Ahora volvemos a lo que se denomina, desde una perspectiva litúrgica, el Tiempo Ordinario. El evangelio de este domingo nos presenta, en primer lugar, la reacción que tiene el Señor ante aquellas personas que dudan de su autoridad como Hijo de Dios porque creen que le proviene por obra del Maligno (Belzebú o Satanas) (Mc. 3,22) y no como gracia y don del Espíritu del Dios. El Señor considera esa incomprensión y duda como un rechazo a la misericordia y bondad de Dios y por eso considera esa actitud como “un pecado y blasfemia contra el Espíritu Santo” (Mc. 3,29). Esta actitud de los fariseos y letrados del Pueblo de Israel pareciera que no nos incumbe o influye en nuestras propias experiencias de la vida. Sin embargo, tal vez a menor escala, sí nos puede suceder que perdamos el horizonte de la fe y la confianza en Dios especialmente ante las pruebas y las dificultades de la vida y demos prioridad para la superación de nuestras propias limitaciones a otras “fuerzas” que son distintas o hasta incompatibles con la gracia y la iluminación del Espíritu de Dios.

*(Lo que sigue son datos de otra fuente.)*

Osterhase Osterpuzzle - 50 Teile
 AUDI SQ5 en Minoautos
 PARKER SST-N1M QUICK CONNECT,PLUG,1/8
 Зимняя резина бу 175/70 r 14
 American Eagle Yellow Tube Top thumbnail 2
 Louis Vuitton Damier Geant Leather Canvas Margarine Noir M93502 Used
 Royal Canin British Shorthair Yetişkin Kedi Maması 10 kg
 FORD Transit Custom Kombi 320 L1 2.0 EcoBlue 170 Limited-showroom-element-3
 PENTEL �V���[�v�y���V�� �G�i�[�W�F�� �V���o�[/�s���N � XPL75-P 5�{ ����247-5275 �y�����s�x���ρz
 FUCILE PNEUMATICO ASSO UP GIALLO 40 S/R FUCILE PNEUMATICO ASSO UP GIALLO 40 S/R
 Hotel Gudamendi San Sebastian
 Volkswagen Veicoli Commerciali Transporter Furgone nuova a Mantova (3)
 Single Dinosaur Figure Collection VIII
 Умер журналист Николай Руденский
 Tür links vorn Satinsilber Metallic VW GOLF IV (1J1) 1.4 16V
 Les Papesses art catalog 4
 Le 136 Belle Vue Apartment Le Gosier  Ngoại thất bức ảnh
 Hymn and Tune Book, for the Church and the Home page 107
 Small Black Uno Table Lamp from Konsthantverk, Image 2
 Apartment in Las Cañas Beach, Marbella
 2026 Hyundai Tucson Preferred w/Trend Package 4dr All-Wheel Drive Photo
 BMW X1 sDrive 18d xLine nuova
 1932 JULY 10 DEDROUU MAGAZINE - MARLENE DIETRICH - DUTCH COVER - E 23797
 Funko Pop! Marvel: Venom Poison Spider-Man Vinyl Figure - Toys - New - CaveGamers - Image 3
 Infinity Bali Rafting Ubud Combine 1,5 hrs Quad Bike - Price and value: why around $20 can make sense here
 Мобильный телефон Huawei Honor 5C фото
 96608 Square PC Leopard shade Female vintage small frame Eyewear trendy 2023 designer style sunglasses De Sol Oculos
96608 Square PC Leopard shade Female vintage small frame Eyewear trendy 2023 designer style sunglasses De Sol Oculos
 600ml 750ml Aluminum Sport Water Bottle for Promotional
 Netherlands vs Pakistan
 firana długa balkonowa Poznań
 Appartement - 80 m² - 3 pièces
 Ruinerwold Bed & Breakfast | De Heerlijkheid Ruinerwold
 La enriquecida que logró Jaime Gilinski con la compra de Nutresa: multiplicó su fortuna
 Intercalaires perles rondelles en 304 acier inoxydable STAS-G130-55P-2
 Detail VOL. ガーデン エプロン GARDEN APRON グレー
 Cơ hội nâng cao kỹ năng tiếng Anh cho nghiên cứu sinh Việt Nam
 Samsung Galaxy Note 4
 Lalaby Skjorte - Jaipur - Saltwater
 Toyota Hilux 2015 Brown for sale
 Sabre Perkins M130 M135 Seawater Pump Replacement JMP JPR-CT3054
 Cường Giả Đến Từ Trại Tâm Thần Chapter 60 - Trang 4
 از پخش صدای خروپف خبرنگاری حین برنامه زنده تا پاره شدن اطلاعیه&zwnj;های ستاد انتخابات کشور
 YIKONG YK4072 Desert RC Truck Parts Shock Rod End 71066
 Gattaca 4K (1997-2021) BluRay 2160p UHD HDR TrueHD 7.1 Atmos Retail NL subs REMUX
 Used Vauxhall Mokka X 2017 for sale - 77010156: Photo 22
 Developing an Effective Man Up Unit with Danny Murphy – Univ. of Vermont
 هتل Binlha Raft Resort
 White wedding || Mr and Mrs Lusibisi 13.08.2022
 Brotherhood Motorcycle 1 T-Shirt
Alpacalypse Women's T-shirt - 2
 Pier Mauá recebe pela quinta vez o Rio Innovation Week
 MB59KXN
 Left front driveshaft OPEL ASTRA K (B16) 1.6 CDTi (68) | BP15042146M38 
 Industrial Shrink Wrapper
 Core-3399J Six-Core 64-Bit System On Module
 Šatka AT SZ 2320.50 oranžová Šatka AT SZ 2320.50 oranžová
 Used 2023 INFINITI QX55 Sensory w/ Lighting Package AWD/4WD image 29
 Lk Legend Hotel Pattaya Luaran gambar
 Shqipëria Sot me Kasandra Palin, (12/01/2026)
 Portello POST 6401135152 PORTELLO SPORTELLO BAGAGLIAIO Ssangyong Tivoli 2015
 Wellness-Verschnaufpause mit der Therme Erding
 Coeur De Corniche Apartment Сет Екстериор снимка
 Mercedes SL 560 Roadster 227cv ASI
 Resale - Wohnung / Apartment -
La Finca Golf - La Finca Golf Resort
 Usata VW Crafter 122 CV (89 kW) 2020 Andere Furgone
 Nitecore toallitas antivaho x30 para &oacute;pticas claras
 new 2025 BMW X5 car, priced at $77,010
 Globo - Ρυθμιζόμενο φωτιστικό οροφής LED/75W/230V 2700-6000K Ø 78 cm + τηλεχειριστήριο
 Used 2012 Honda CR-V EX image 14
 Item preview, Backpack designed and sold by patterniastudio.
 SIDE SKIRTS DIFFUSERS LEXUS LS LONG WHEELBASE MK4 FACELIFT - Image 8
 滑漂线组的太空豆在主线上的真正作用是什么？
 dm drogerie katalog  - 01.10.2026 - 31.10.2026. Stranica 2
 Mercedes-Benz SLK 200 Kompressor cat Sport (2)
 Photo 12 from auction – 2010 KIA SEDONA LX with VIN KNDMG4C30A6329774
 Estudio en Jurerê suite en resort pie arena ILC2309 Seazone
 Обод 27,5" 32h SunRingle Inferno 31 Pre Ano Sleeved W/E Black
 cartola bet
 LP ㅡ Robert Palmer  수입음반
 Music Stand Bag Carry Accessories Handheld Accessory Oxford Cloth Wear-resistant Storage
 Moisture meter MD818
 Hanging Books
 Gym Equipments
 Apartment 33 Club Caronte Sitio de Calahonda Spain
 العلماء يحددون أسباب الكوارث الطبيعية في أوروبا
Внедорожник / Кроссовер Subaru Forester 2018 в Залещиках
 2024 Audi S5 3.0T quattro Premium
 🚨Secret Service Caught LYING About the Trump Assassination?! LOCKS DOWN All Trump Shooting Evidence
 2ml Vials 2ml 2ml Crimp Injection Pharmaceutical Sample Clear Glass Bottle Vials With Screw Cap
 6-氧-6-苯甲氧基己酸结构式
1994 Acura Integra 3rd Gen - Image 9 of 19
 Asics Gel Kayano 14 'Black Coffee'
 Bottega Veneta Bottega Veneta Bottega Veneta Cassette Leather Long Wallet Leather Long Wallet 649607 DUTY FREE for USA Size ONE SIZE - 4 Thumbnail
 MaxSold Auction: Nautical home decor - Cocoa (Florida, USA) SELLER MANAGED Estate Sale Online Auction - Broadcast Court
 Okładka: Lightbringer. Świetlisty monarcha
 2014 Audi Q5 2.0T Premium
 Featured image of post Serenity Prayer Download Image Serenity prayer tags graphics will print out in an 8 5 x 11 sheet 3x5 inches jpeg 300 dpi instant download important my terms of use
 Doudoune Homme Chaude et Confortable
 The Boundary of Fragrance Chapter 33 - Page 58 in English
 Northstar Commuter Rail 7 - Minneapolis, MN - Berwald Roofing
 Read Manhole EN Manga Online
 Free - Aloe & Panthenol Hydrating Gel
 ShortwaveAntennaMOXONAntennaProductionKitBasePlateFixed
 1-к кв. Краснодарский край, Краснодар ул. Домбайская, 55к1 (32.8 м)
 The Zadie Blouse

En segundo lugar, el Señor reafirma que su madre y sus hermanos son “quienes cumplen la voluntad de Dios” (Mc 3,35). Jesús sentía un profundo a mor por su Madre, la Virgen María, como queda demostrado tantas veces en el Evangelio pero la verdadera familia de Jesús traspasa las fronteras biológicas y étnicas y se pone en el plano de la fe. La familia del Señor la constituyen todas las personas que tienen un profundo sentido de identidad, pertenencia y compromiso con el Señor y la Iglesia y hacen “la voluntad del Padre”. La familia de Jesús no se consigue sólo ni prioritariamente por una herencia recibida, muchas veces de forma rutinaria, sino por las propias convicciones personales, el seguimiento del Señor, la aspiración a la santidad permanente y el testimonio de vida. Al vivir cerca de Jesús formamos su familia por el vínculo de la fe que nos posibilita el mismo bautismo renovado por los sacramentos, especialmente el de la Eucaristía, por la oración y por el encuentro gozoso en nuestras propias relaciones interpersonales cuando se cimientan en el vínculo del amor y de la caridad fraterna.